The German Dax equivalent index was equally supercharged and set a record high of 85.12 percent on Friday. “This is the most volatile week we’ve seen,” said Thierry Lacraz, strategist at Swiss bank Pictet in Geneva. “The sole intelligent thing is to remain on the sidelines and not make any huge bets.” “The global economic environment is still very negative, especially in the United States.”
MSCI’s main world stock index, which has lost more than 40 percent of its value this year, was up 0.7 percent on the day.
The pan-European FTSEurofirst 300 gained 2.26 percent and Japan’s benchmark Nikkei closed up 2.8 percent after losing more than 11 percent on Thursday.
Futures for the Dow Jones industrial average, the Nasdaq 100 and the S&P 500 share indexes all indicated a lower start on Wall Street later, however.

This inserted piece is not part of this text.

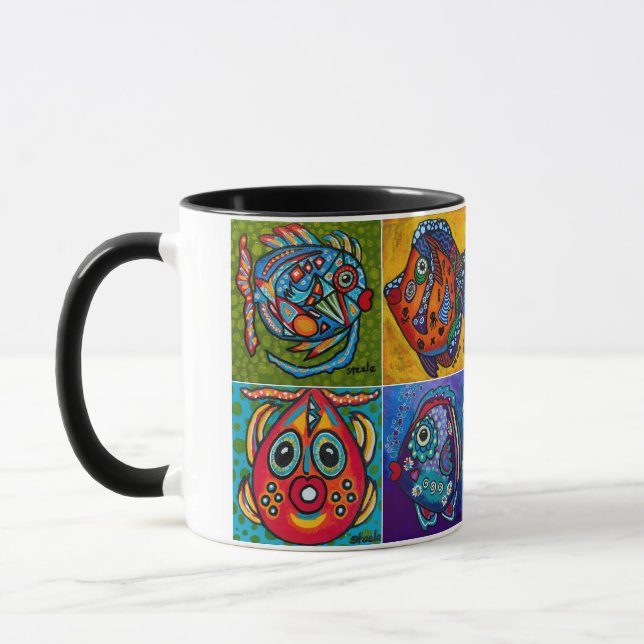 Four Funky Fish Beverage Mug (Left)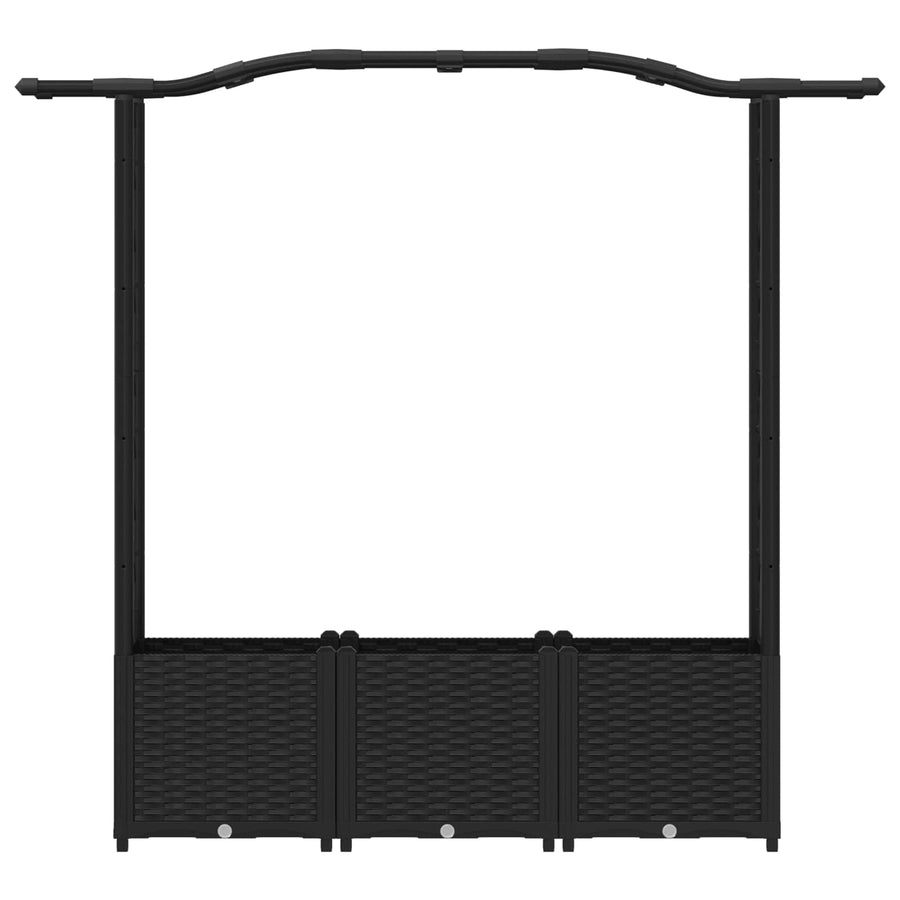 Verhoogd Bed met Trellis en Dak Zwart 164 x 40 x 142 cm PP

In extended trade on Thursday, shares in IBM rose 1.7 percent, Google Inc gained 7.5 percent and Advanced Micro Devices was up 7.4 percent after their results beat Wall Street estimates. But at 1230 GMT, the U.S. Commerce Department is scheduled to release housing starts and permits for September and economists in a Reuters survey forecast a median fall to 880,000 housing starts from 895,000 in August. “There’s still nervousness in the market about the real economy, but in terms of valuations the price is good right now,” said Nagayuki Yamagishi, a strategist at Mitsubishi UFJ Securities in Japan.
And those hopes that long-term value investors, who can tolerate withering day-to-day volatility, may start to look at the market were boosted on Friday.
In an opinion column in Friday’s New York Times, billionaire investor Warren Buffett said he was now buying U.S. stocks. “A simple rule dictates my buying: Be fearful when others are greedy, and be greedy when others are fearful,” Buffett wrote in the paper.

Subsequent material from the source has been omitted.